### WHAT TO PRODUCE
Could the entries below be transcribed word for word, with the pictures omitted?

Image-text web data
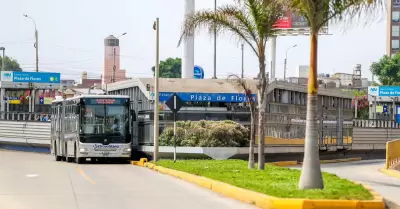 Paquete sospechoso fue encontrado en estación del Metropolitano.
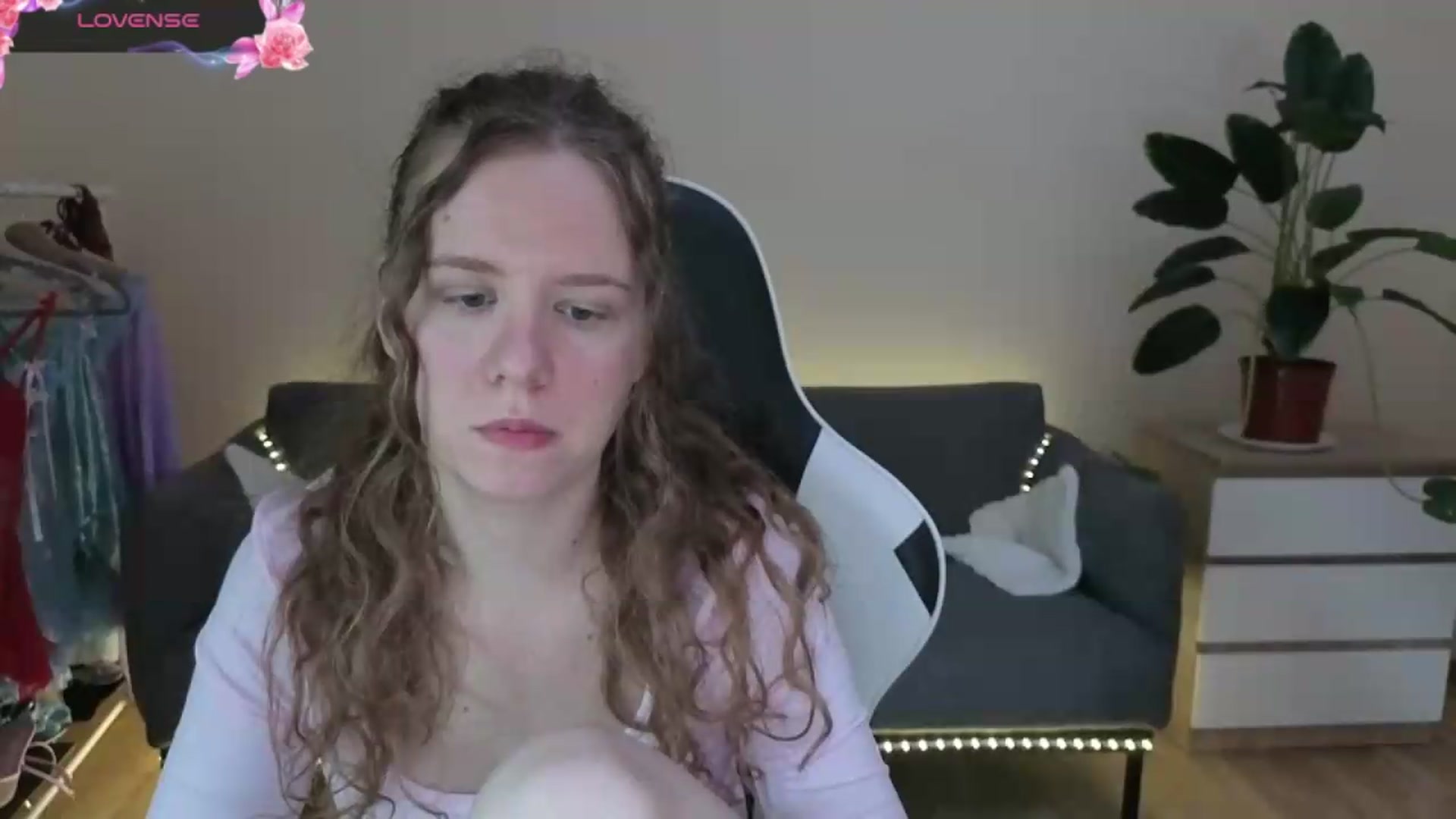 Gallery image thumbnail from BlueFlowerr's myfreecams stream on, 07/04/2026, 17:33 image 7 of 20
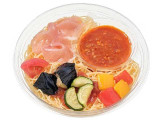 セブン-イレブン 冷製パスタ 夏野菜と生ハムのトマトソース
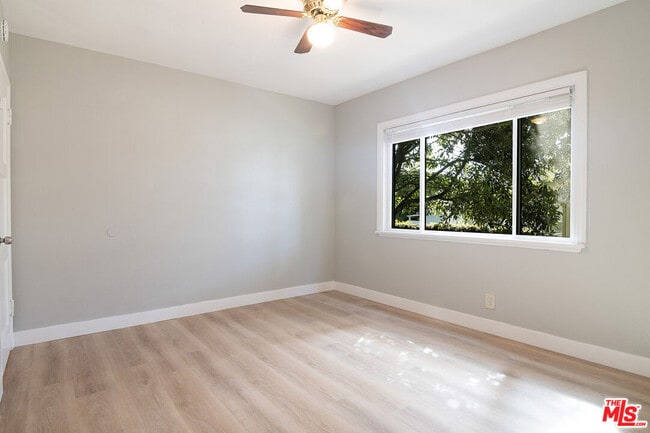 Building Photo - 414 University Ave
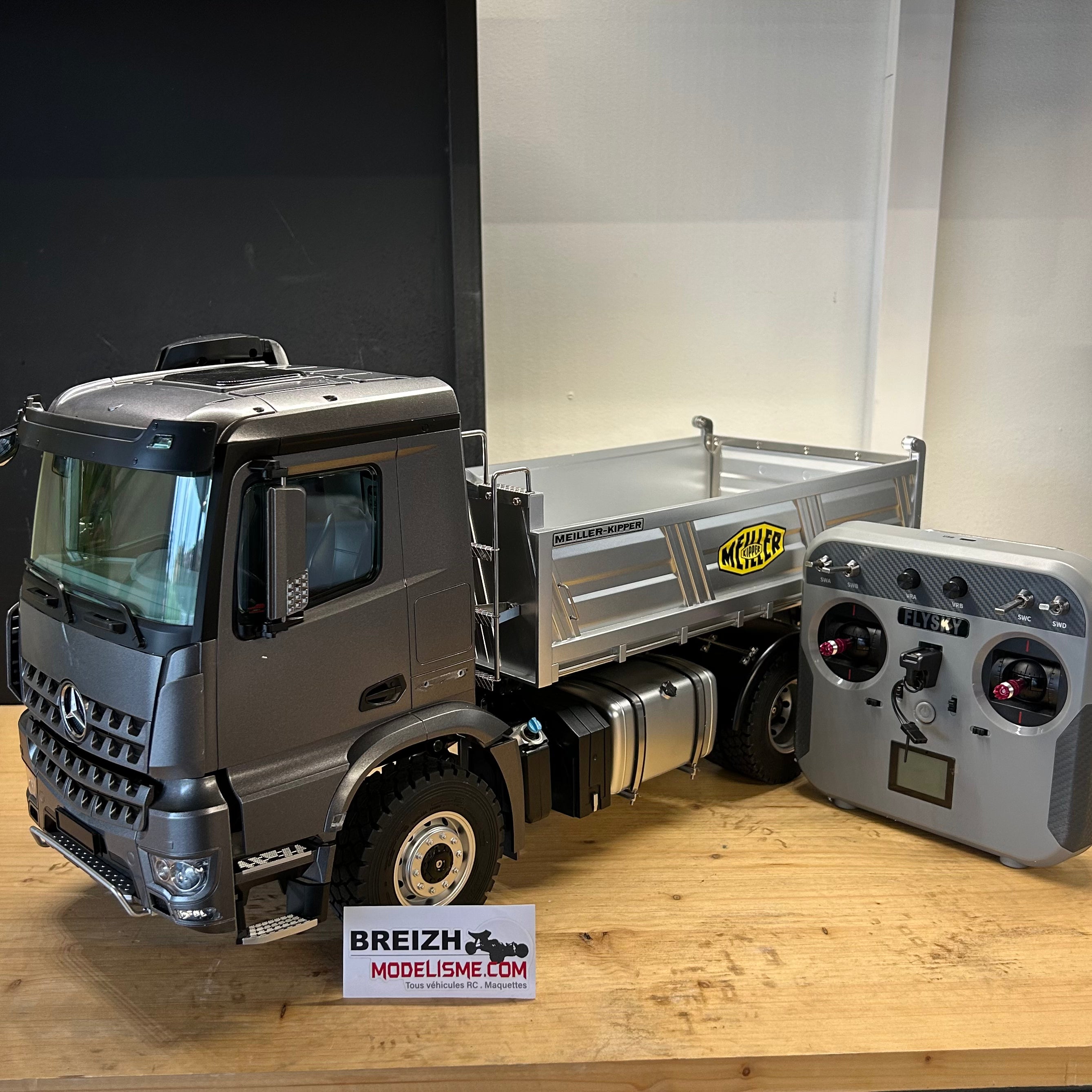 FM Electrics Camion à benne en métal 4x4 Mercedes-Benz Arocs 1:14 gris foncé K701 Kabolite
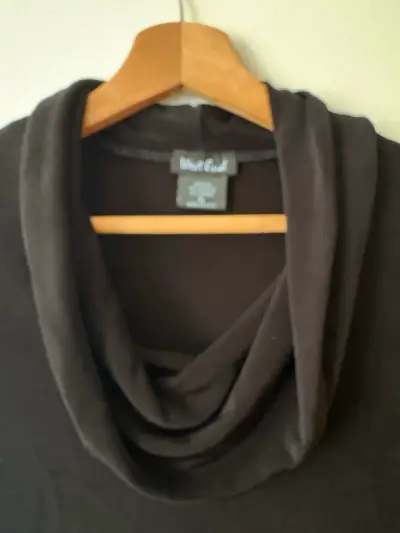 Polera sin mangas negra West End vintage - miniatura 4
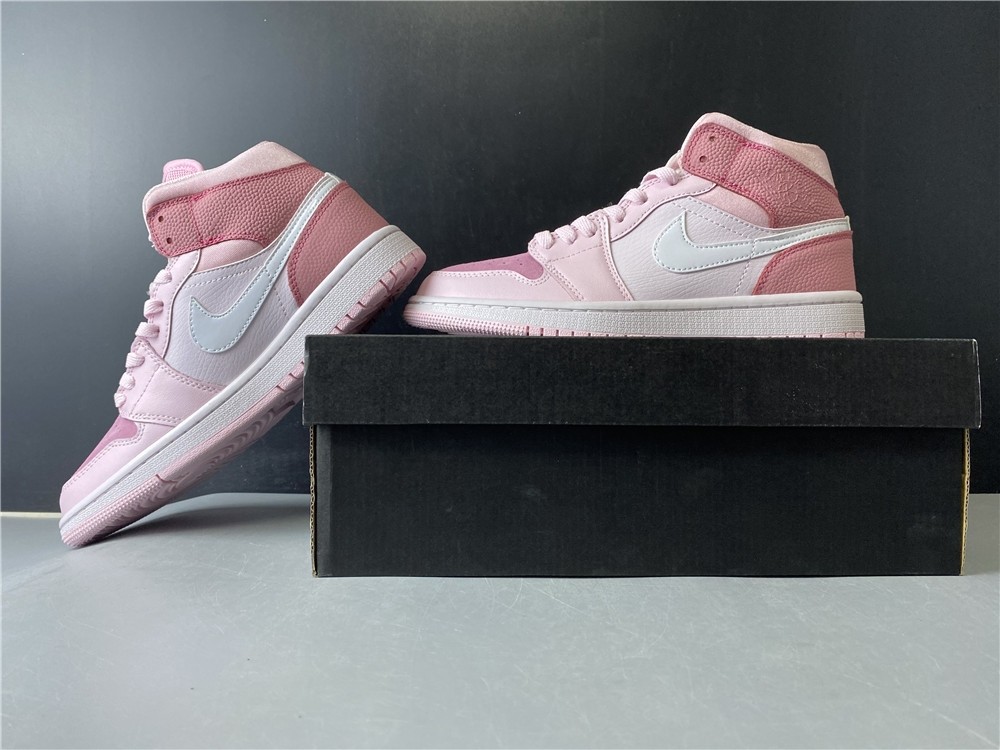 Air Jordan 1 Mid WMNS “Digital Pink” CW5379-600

### REPLY TO THE EXERCISE
 Paquete sospechoso fue encontrado en estación del Metropolitano.
 Gallery image thumbnail from BlueFlowerr's myfreecams stream on, 07/04/2026, 17:33 image 7 of 20
 セブン-イレブン 冷製パスタ 夏野菜と生ハムのトマトソース
 Building Photo - 414 University Ave
 FM Electrics Camion à benne en métal 4x4 Mercedes-Benz Arocs 1:14 gris foncé K701 Kabolite
 Polera sin mangas negra West End vintage - miniatura 4
 Air Jordan 1 Mid WMNS “Digital Pink” CW5379-600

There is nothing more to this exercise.